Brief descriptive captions

↓↓↓

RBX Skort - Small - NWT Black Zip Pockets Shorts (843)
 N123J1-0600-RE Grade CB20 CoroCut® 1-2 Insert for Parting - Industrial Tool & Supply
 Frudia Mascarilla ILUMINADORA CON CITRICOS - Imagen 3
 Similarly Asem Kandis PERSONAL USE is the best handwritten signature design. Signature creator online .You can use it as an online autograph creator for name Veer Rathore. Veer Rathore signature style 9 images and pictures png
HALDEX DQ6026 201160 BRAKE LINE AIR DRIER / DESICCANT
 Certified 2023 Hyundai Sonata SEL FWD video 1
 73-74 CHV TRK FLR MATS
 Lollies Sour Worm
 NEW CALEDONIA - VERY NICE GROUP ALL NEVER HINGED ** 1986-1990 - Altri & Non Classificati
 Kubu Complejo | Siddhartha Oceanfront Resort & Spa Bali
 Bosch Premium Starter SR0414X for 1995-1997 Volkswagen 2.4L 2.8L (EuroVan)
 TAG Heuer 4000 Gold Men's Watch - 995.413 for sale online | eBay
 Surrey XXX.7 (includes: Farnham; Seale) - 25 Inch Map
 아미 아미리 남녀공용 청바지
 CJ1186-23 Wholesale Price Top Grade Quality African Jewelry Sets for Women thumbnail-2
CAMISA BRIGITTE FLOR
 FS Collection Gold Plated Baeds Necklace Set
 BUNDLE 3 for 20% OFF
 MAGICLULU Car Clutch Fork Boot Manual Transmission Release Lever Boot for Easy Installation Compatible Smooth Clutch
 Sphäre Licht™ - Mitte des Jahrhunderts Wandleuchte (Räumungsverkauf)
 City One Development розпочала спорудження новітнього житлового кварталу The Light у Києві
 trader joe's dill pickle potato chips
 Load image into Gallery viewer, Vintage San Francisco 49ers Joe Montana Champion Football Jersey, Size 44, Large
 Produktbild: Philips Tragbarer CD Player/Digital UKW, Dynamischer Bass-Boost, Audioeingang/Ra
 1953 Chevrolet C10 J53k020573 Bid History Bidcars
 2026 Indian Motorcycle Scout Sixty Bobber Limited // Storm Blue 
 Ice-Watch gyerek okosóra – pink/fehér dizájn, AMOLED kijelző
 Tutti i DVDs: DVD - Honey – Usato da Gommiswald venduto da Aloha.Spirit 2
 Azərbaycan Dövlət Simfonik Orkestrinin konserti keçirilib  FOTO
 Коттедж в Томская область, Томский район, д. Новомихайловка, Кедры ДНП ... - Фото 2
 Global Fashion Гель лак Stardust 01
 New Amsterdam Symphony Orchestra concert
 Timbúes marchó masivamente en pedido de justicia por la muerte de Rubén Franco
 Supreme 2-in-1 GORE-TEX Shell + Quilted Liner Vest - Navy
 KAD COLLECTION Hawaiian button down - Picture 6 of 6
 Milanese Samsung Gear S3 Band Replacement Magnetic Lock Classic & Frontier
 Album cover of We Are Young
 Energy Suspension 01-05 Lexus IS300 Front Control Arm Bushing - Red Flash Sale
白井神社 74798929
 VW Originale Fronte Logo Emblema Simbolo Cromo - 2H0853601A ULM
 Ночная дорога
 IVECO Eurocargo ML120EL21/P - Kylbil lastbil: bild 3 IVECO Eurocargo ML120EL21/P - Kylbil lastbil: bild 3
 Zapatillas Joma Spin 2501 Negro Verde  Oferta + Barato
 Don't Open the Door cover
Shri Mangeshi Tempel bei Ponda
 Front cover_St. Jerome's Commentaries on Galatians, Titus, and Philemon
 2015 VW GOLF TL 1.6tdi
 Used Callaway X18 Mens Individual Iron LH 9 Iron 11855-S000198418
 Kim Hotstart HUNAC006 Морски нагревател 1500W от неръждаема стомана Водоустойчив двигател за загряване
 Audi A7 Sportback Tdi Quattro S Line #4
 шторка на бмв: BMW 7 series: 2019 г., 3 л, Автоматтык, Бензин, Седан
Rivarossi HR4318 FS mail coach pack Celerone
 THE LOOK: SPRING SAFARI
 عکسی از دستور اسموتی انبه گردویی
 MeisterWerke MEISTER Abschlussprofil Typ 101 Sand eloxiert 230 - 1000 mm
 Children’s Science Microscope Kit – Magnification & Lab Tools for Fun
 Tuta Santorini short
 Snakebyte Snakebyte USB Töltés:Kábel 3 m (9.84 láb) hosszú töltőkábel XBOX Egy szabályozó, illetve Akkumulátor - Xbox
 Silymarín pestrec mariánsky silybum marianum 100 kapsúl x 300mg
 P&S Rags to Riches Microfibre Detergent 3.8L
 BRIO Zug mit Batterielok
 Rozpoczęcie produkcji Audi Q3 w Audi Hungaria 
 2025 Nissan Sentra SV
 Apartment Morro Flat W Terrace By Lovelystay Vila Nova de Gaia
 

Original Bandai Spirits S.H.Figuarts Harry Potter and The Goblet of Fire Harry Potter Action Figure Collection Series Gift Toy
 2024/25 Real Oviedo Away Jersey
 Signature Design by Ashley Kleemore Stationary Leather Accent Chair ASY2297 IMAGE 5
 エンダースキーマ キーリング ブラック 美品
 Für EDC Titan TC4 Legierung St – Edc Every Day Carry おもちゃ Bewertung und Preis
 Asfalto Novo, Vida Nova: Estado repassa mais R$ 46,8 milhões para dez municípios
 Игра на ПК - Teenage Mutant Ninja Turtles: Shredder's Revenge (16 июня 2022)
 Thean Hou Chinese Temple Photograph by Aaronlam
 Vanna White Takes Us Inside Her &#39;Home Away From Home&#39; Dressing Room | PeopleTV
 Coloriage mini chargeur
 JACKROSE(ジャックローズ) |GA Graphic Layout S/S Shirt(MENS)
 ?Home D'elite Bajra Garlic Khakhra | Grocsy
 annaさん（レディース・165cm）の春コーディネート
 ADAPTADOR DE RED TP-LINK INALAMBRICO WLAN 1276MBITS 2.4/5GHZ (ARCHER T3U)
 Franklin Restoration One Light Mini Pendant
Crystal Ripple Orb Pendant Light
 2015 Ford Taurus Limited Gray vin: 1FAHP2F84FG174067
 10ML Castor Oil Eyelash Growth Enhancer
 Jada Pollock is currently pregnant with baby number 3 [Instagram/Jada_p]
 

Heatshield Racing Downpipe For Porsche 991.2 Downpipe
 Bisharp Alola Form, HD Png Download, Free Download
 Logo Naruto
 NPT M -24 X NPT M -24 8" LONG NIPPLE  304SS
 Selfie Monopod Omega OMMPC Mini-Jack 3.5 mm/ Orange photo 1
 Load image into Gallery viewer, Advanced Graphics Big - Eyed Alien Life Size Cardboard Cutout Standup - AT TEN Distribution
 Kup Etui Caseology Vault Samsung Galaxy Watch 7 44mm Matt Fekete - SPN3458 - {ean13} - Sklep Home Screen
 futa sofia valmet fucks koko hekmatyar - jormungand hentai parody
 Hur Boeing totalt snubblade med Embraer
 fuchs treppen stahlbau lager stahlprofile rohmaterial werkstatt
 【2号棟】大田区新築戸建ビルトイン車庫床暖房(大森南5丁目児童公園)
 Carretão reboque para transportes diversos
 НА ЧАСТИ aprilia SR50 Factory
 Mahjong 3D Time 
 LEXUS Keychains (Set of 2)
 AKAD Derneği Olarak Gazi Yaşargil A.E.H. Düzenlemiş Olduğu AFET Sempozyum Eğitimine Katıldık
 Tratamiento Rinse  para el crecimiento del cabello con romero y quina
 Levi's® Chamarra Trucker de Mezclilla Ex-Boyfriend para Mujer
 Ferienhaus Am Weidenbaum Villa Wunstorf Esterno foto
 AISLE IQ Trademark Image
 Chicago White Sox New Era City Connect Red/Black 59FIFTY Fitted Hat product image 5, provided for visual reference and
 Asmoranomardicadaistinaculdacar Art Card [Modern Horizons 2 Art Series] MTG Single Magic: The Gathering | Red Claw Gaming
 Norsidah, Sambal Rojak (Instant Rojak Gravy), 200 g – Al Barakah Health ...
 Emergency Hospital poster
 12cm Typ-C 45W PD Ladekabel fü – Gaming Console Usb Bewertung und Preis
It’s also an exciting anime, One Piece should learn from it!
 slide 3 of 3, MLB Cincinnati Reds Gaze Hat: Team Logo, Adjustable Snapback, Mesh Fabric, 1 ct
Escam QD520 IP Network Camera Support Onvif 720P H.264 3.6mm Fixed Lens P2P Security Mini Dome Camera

↑↑↑

### [PROBLEM REQUIREMENTS]
From the records above, print exactly the lines that run from the line with "Für EDC Titan" to the line with "Thean Hou Chinese", inclusive.

### [EXERCISE RESPONSE]
 Für EDC Titan TC4 Legierung St – Edc Every Day Carry おもちゃ Bewertung und Preis
 Asfalto Novo, Vida Nova: Estado repassa mais R$ 46,8 milhões para dez municípios
 Игра на ПК - Teenage Mutant Ninja Turtles: Shredder's Revenge (16 июня 2022)
 Thean Hou Chinese Temple Photograph by Aaronlam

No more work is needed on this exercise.